Les frères Dardenne font le portrait implacable d'une radicalisation sans retour, d'un jeune se murant dans la haine froide. Puissant, jusqu'à ce que le récit s'écroule dans les dernières minutes. Spoilers.
Dans un quartier de Belgique, le jeune Ahmed quitte sa salle de classe pour rejoindre une mosquée intégriste, où un imam manipulateur lui fait miroiter de futurs jihads. Quand le nouveau long-métrage des cinéastes belges commence, leur personnage est déjà perdu. Perdu dans une foi aveugle, dans une déformation extrême du Coran. Mais les Dardenne veulent faire sauter le verrou de leur protagoniste. La caméra épaule, très documentaire, colle Ahmed, ne le lâche pas, comme pour essayer de percer son fanatisme devenu carapace mutique.
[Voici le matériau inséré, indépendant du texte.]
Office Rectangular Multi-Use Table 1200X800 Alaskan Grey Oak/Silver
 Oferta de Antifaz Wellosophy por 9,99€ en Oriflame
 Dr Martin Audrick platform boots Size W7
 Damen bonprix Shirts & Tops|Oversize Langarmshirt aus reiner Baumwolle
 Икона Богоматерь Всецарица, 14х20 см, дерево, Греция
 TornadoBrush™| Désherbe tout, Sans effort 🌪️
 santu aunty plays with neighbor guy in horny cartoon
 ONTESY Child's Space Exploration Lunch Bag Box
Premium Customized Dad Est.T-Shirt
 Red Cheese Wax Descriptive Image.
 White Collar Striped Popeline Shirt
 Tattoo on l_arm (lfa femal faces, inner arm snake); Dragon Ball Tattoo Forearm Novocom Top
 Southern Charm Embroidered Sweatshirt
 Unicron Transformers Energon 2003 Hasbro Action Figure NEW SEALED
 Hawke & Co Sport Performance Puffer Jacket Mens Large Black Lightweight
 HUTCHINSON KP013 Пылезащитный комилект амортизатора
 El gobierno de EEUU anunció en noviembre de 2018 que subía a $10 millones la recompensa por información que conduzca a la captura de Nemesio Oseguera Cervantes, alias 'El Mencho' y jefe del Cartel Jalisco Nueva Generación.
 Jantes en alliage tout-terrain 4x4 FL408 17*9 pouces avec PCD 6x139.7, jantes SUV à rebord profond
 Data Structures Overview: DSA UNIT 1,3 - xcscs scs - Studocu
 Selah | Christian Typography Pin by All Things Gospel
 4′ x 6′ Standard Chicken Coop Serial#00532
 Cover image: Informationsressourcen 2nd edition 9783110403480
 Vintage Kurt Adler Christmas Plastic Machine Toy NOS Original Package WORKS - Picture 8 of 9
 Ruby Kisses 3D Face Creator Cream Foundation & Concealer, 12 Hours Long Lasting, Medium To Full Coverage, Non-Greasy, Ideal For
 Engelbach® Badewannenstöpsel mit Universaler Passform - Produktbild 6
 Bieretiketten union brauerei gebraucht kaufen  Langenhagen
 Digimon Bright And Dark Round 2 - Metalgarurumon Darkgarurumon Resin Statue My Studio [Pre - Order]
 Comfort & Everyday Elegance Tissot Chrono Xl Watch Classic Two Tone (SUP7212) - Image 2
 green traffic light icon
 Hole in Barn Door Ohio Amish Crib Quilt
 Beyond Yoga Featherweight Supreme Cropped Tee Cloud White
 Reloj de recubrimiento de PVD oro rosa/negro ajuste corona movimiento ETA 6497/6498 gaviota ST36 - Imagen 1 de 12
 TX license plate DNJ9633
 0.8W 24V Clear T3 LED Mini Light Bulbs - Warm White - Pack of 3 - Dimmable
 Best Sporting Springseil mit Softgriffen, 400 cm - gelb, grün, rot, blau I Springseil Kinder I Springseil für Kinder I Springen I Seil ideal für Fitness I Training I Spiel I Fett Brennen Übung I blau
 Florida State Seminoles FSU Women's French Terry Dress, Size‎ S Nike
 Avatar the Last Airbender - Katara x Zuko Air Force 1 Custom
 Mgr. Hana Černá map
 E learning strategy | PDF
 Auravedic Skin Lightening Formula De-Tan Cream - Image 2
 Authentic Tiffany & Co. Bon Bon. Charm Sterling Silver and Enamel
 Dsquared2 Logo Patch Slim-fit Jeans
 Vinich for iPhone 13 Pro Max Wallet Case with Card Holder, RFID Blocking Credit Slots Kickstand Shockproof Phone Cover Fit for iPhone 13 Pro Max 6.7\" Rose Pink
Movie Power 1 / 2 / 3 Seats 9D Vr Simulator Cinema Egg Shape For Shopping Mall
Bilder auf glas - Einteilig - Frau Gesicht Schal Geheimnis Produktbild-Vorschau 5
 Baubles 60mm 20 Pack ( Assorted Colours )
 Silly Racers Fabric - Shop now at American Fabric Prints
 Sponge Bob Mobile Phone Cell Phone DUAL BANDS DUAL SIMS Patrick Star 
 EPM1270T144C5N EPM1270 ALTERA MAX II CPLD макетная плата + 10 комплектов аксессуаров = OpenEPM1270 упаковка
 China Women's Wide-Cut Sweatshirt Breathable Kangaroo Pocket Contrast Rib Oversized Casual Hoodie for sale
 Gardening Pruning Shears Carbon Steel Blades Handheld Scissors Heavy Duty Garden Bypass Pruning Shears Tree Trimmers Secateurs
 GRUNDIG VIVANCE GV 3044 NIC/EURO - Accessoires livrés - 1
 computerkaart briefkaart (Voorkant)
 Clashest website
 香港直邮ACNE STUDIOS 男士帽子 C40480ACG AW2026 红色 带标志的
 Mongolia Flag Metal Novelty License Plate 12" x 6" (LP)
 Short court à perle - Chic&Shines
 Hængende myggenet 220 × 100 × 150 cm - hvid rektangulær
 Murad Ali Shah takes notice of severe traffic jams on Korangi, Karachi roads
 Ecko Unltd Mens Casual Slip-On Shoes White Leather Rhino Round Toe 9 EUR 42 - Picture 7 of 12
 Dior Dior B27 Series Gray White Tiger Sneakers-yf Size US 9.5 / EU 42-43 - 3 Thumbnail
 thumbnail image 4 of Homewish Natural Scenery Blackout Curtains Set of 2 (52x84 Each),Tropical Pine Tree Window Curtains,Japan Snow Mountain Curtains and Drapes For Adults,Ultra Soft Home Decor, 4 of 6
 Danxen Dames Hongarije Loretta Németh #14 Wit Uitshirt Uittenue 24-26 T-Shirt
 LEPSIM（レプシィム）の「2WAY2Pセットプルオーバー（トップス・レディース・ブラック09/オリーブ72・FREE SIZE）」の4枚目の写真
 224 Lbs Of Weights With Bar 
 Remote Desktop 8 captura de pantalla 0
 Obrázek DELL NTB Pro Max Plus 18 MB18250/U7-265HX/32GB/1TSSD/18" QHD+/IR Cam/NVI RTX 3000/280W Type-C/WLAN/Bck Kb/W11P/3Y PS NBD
En vain. Ahmed parle peu, si ce n'est pour prier, ou pour convoquer son Dieu, avant d'essayer de tuer sa professeur, coupable à ses yeux de vouloir enseigner un arabe autre que coranique.
Le Jeune Ahmed, c'est l'histoire d'une frustration, d'un constat terrible : l'impossibilité de la rédemption, du retour vers une forme de rationalité, ou du moins de modération. Ni le juge, ni l'éducateur, ni la mère, ni même une esquisse de premier amour ne seront assez forts pour faire basculer Ahmed vers une prise de conscience.
Extrêmement pessimistes, ce qui confère à la proposition tout son intérêt par rapport à d'autres films sur le sujet, les Dardenne cèdent de manière inexplicable à une happy end qui ne dit pas son nom. Ahmed manque de se tuer en manquant de tuer sa professeur, et finit, au seuil de la mort, par prendre conscience de ses actes. Autant on saluera la bouffée d'espoir chez les Belges, d'habitude plus enclins à la sinistrose, autant cette fin paraît artificielle car paresseuse et très mal amenée. Tout le propos était de placer Ahmed dans une terrible impasse évolutive, alors pourquoi tout défaire en une scène, aussi brutale que facile ?
Dommage, cette fausse note gâche une partition qui, bien que funeste, a de quoi résonner longtemps chez le spectateur.